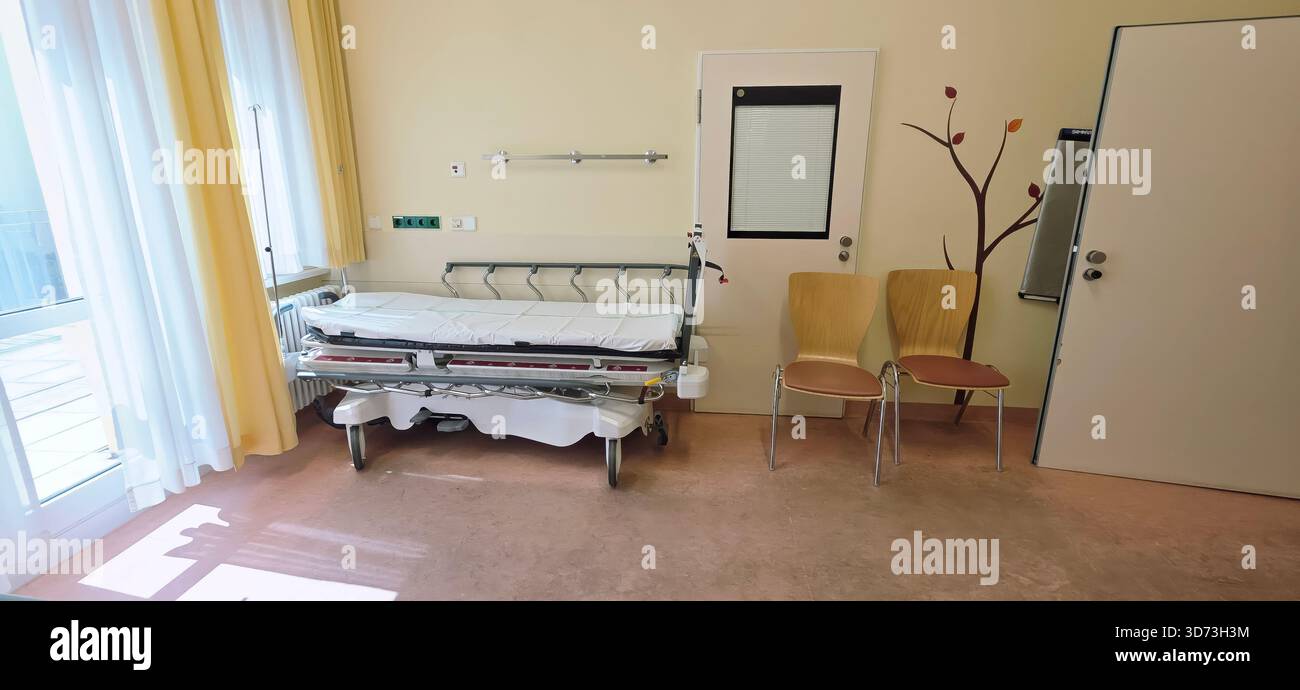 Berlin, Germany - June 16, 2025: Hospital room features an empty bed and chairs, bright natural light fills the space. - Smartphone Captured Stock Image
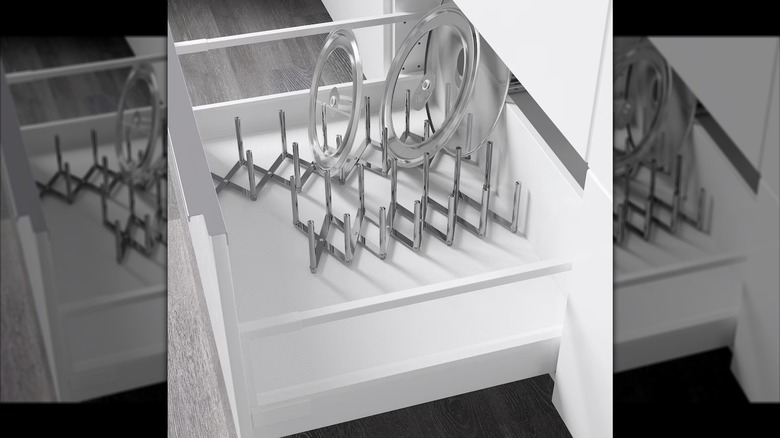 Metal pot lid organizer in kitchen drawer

...

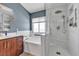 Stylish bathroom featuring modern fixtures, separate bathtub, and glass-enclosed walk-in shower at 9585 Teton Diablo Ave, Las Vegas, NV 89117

= What you have to do =
When copying from the data above, print only the lines from the line containing "Berlin, Germany - June" to the line containing "Metal pot lid organizer in kitchen drawer", exactly, and leave the pictures out.

= Result of this task =
 Berlin, Germany - June 16, 2025: Hospital room features an empty bed and chairs, bright natural light fills the space. - Smartphone Captured Stock Image
 Metal pot lid organizer in kitchen drawer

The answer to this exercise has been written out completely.